All lines from the one containing "KII Pro Android" to the final line of the material should be retyped exactly. Nothing else belongs in the response.

### [RECORDS]
* * * * * * *

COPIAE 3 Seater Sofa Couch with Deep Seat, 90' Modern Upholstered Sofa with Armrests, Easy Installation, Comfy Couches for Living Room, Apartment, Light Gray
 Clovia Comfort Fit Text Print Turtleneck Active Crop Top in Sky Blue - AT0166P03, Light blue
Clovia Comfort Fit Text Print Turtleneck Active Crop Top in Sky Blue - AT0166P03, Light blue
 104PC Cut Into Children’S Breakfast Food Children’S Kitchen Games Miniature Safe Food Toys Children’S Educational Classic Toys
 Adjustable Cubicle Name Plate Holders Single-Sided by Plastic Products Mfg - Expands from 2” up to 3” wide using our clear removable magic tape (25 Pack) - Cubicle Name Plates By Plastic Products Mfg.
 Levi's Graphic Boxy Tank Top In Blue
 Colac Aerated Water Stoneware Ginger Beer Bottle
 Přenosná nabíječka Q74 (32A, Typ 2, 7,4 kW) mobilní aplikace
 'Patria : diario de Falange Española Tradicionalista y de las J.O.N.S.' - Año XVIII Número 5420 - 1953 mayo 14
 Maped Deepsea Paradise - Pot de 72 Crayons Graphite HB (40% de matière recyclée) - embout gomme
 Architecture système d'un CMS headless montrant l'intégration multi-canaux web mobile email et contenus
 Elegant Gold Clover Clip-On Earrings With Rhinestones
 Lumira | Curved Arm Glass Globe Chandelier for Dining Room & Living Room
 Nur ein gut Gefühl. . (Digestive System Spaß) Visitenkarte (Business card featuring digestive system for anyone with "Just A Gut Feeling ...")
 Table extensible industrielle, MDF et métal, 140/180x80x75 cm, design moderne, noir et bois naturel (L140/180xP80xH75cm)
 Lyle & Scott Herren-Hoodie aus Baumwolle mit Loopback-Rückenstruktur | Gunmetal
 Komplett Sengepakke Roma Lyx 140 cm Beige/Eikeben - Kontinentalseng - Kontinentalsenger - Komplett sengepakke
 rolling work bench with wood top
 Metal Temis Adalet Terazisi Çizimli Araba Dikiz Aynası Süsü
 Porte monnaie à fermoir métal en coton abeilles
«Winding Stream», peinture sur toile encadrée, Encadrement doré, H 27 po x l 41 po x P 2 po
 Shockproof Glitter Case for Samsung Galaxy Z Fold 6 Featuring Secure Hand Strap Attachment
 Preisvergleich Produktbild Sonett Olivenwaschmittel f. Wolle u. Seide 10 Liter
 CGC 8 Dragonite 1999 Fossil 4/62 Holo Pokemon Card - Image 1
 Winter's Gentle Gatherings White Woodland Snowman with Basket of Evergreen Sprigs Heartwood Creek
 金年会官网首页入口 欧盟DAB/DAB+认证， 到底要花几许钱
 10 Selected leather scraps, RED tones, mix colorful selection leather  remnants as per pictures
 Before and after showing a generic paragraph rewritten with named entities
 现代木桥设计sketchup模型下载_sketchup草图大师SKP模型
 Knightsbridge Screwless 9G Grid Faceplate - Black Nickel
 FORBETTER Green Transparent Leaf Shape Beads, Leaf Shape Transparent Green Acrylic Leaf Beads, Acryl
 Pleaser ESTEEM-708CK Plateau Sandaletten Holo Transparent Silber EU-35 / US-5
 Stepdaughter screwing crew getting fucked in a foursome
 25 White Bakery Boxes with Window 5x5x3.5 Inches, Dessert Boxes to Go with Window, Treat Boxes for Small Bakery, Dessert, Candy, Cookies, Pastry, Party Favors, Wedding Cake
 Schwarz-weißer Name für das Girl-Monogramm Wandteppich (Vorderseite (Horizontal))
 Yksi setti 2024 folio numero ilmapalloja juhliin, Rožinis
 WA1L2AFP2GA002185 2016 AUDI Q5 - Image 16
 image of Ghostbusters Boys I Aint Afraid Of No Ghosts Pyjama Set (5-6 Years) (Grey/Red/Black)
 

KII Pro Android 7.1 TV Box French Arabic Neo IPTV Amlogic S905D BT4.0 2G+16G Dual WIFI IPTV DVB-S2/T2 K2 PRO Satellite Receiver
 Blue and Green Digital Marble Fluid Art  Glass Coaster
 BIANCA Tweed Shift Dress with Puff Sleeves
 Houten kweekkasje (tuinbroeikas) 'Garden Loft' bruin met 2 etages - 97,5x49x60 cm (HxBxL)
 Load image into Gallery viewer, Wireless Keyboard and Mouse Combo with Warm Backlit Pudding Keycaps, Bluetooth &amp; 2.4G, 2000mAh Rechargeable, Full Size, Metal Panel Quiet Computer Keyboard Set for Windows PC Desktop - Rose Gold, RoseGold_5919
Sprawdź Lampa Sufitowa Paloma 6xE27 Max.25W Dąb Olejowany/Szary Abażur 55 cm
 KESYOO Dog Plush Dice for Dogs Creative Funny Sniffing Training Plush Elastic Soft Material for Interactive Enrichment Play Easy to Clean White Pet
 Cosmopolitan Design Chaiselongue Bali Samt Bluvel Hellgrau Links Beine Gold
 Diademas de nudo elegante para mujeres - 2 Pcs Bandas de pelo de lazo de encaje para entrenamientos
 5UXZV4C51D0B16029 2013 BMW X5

* * * * * * *

### [ANSWER TO THE EXERCISE]
KII Pro Android 7.1 TV Box French Arabic Neo IPTV Amlogic S905D BT4.0 2G+16G Dual WIFI IPTV DVB-S2/T2 K2 PRO Satellite Receiver
 Blue and Green Digital Marble Fluid Art  Glass Coaster
 BIANCA Tweed Shift Dress with Puff Sleeves
 Houten kweekkasje (tuinbroeikas) 'Garden Loft' bruin met 2 etages - 97,5x49x60 cm (HxBxL)
 Load image into Gallery viewer, Wireless Keyboard and Mouse Combo with Warm Backlit Pudding Keycaps, Bluetooth &amp; 2.4G, 2000mAh Rechargeable, Full Size, Metal Panel Quiet Computer Keyboard Set for Windows PC Desktop - Rose Gold, RoseGold_5919
Sprawdź Lampa Sufitowa Paloma 6xE27 Max.25W Dąb Olejowany/Szary Abażur 55 cm
 KESYOO Dog Plush Dice for Dogs Creative Funny Sniffing Training Plush Elastic Soft Material for Interactive Enrichment Play Easy to Clean White Pet
 Cosmopolitan Design Chaiselongue Bali Samt Bluvel Hellgrau Links Beine Gold
 Diademas de nudo elegante para mujeres - 2 Pcs Bandas de pelo de lazo de encaje para entrenamientos
 5UXZV4C51D0B16029 2013 BMW X5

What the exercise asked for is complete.